-- EXERCISE DIRECTIONS --
Take the material below from its first line through the line containing "阿斯旺Golden nubian guesthouse的一间设有两张床和两把椅子的房间" and, please, write those lines again exactly.

-- DATA FOR THE TASK --

_____

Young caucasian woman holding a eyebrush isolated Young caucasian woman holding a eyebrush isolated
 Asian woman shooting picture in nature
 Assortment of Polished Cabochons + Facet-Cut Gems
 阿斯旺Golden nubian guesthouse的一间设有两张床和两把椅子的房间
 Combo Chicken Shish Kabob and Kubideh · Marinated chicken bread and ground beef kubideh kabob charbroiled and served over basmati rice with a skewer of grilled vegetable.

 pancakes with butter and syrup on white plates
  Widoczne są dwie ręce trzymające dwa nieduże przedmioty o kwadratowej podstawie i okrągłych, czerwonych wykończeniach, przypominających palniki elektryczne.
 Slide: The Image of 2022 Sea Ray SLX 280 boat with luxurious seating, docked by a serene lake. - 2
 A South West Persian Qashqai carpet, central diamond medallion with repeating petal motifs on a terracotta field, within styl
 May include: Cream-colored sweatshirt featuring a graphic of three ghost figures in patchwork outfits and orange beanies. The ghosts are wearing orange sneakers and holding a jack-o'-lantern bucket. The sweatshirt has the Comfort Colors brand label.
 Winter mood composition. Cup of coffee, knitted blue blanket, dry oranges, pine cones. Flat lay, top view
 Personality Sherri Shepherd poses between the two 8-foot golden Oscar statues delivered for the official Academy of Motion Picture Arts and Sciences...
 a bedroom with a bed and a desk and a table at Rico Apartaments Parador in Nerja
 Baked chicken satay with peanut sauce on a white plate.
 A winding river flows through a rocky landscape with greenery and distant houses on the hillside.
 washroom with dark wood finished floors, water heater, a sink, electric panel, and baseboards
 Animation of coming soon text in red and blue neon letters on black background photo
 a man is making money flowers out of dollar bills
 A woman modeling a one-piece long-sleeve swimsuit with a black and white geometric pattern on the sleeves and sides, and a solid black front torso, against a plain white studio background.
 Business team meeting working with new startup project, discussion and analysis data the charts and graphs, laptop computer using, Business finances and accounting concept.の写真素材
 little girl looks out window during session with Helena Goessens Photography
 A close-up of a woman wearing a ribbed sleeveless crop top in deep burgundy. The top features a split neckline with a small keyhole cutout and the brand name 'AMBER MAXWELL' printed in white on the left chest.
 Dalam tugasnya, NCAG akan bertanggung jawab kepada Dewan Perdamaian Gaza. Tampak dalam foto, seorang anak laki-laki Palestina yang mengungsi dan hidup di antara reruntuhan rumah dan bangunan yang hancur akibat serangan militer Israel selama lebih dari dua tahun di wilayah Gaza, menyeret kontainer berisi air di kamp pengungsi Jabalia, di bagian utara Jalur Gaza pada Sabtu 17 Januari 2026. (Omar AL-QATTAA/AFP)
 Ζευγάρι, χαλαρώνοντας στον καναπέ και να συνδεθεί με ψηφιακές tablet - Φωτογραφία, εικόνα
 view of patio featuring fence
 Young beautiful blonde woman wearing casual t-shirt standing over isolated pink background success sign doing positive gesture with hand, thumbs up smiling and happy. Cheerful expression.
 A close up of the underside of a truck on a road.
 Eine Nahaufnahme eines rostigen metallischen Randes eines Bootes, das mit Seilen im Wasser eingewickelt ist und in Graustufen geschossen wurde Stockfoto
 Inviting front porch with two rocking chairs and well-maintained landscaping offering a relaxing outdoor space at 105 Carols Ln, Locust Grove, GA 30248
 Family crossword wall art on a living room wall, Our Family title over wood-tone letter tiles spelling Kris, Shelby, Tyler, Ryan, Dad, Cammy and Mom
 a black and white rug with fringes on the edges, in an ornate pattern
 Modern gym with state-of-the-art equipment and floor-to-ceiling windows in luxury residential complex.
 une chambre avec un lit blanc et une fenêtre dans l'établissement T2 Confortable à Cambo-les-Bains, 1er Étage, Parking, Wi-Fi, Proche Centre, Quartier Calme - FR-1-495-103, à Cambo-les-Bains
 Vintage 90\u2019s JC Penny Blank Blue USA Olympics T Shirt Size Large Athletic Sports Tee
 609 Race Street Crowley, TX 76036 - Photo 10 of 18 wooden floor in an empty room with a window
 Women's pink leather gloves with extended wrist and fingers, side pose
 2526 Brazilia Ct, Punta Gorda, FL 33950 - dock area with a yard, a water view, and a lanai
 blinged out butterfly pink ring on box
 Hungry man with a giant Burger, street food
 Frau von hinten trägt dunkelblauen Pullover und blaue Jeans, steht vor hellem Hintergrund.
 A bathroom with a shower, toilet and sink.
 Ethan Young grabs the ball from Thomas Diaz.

_____

-- RESULT OF THE TASK --
Young caucasian woman holding a eyebrush isolated Young caucasian woman holding a eyebrush isolated
 Asian woman shooting picture in nature
 Assortment of Polished Cabochons + Facet-Cut Gems
 阿斯旺Golden nubian guesthouse的一间设有两张床和两把椅子的房间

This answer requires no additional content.